* **EXERCISE**
Beginning with the line containing "Person ladling soup", give every line again exactly as it is, ending with the last line of the entries.

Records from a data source
+===+
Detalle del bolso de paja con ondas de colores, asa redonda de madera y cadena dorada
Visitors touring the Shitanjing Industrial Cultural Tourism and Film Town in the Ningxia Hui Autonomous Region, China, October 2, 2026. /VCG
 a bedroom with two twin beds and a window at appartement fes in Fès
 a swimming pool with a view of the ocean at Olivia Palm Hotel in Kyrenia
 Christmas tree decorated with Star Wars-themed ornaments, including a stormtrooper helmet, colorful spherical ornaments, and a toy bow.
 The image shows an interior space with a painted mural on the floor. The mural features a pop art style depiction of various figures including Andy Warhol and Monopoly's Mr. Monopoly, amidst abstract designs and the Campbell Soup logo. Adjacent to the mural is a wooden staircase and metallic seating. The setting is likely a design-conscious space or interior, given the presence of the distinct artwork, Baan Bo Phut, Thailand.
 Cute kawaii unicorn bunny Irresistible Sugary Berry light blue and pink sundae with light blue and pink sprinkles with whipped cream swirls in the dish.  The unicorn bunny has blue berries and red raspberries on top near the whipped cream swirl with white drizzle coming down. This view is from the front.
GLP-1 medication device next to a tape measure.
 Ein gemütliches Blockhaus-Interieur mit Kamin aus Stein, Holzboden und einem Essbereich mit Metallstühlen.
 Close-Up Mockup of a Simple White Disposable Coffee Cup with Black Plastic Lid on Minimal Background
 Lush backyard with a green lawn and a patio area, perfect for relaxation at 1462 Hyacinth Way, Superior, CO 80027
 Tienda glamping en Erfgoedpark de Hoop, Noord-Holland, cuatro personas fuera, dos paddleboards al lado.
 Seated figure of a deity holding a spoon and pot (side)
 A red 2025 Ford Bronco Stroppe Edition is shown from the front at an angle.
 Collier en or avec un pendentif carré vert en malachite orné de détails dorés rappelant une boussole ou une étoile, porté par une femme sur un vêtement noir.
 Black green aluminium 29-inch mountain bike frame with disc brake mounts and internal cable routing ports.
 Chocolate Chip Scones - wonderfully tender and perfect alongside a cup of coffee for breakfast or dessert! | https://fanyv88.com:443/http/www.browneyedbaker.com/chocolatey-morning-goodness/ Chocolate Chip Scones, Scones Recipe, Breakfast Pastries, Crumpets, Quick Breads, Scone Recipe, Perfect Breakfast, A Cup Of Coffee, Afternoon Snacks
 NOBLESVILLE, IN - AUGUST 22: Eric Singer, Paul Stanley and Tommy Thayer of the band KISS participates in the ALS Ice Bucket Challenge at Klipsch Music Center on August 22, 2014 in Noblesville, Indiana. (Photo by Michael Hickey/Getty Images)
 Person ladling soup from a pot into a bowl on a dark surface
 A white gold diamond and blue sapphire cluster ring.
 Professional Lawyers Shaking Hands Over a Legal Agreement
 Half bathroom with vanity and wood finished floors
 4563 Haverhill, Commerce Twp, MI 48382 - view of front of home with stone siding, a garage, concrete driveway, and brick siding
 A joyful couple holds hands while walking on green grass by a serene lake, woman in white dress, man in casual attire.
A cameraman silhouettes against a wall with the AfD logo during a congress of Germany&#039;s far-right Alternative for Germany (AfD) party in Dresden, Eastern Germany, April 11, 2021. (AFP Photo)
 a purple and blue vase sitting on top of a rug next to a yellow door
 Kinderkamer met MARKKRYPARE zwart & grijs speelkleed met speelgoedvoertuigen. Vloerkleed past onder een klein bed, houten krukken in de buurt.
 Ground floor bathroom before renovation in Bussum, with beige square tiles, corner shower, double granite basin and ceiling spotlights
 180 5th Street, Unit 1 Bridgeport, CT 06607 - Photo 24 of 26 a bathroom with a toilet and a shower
+===+
* **EXERCISE RESPONSE**
 Person ladling soup from a pot into a bowl on a dark surface
 A white gold diamond and blue sapphire cluster ring.
 Professional Lawyers Shaking Hands Over a Legal Agreement
 Half bathroom with vanity and wood finished floors
 4563 Haverhill, Commerce Twp, MI 48382 - view of front of home with stone siding, a garage, concrete driveway, and brick siding
 A joyful couple holds hands while walking on green grass by a serene lake, woman in white dress, man in casual attire.
A cameraman silhouettes against a wall with the AfD logo during a congress of Germany&#039;s far-right Alternative for Germany (AfD) party in Dresden, Eastern Germany, April 11, 2021. (AFP Photo)
 a purple and blue vase sitting on top of a rug next to a yellow door
 Kinderkamer met MARKKRYPARE zwart & grijs speelkleed met speelgoedvoertuigen. Vloerkleed past onder een klein bed, houten krukken in de buurt.
 Ground floor bathroom before renovation in Bussum, with beige square tiles, corner shower, double granite basin and ceiling spotlights
 180 5th Street, Unit 1 Bridgeport, CT 06607 - Photo 24 of 26 a bathroom with a toilet and a shower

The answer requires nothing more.